The impressive defensive effort was yet another remarkable chapter in the proud history of the Vow Boys, one of resolute resilience and righteous redemption, as the Stanford team had been “Tide-rolled” in the previous year’s 1935 Rose Bowl by an unstoppable Alabama passing game led by pass-happy halfback/quarterback and College Football Hall of Famer Millard “Dixie” Howell and his favorite target, future College and Pro Football Hall of Fame end Don “The Alabama Antelope” Hutson. There would be no such “Howell & Hudson”-style humiliation this time around as the Indians’ defensive line's ferocious tackling and disciplined play were pivotal in securing the victory for the good guys.

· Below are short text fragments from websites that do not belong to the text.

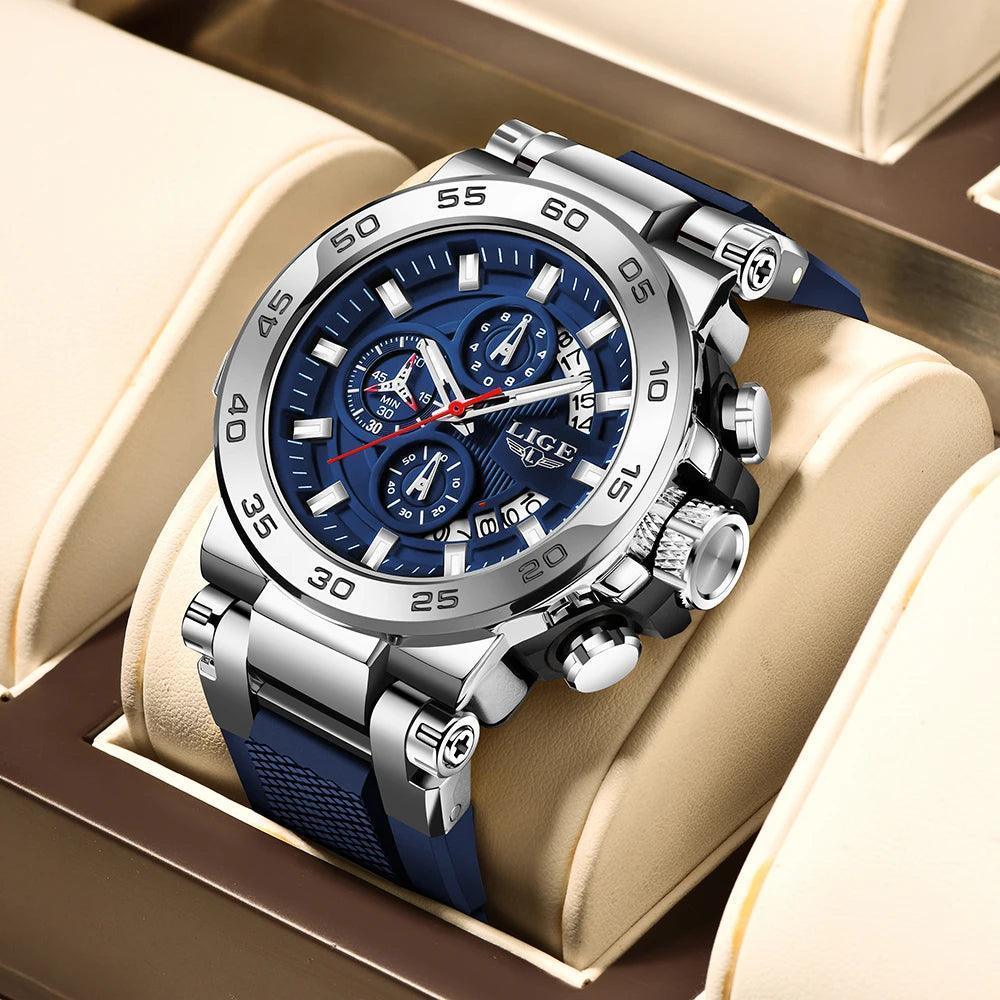 KRS Seraphim - Kairós - Kairós - Infinity Time - 14:100005979#Silver blue - Prata Azul - KRS Seraphim -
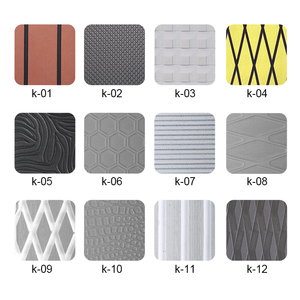 Multi-colored 3M Adesivo 6 millimetri Marine Decking Materiale Anti UV Schiuma EVA Fauk Teak Foglio di Ponte della Barca mat - Product Image 6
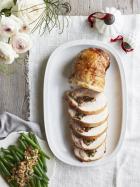 Smoked Almond and Prune Turkey Breast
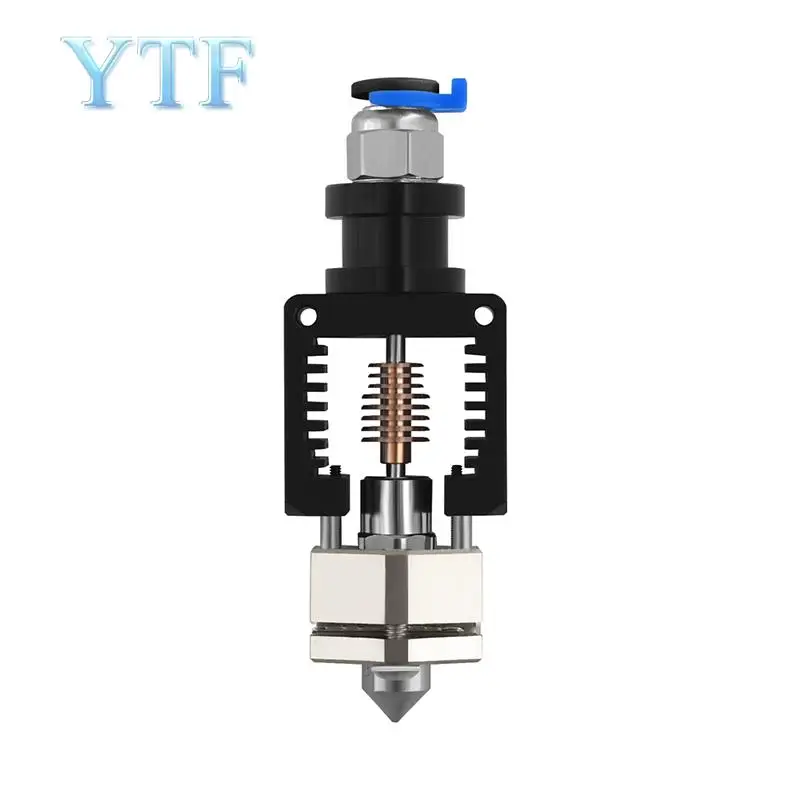 3D printer accessories Mosquito hotend mosquito print head extrusion heating nozzle DIY kit
3D printer accessories Mosquito hotend mosquito print head extrusion heating nozzle DIY kit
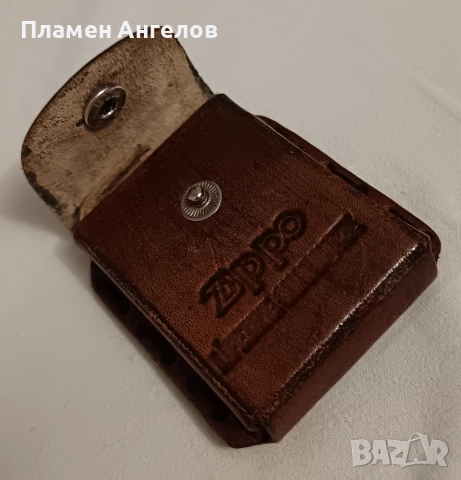 Кожен калъф за запалки Zippo. , снимка 5 - Запалки - 52598449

Fast forward to 2025 and SMU is expecting to overwhelm us as they did in 2024, but Frank Reich and the rested and road-ready Cardinal may have other plans this time around. The malevolent Mustangs are 2-2, but have lost both of their games against Power Four conference foes. Their offense is explosive – against Baylor they scored on an electrifying 75-yard TD on the game’s opening play, on a tipped ball to WR Romello Brinson. Hmmm….if that sounds familiar, it may be because the galloping Mustangs scored on their first offensive snap at Stanford Stadium last season, an 87-yard TD on a simple slant from Dallas-native Kevin Jennings to fleet-footed Texas transfer WR “Moochie” Dixon, who thankfully exhausted his eligibility and is no longer on their roster! The dual-threat Jennings is still their QB, now in his second season as a full-time starter, and he is a handful, but the rising Cardinal will not abide that same rough treatment this time around. SMU’s defense is decidedly weaker this year. They allowed 440 passing yards and four passing TDs to Baylor a few weeks ago and another 379 passing yards and five TDs to TCU last week. This is not last year’s malignant mismatch, SMU is beatable if we don’t turn it over. Let’s keep “Peruna IX”, their magnificent stallion mascot, in his corral! Carpe Card!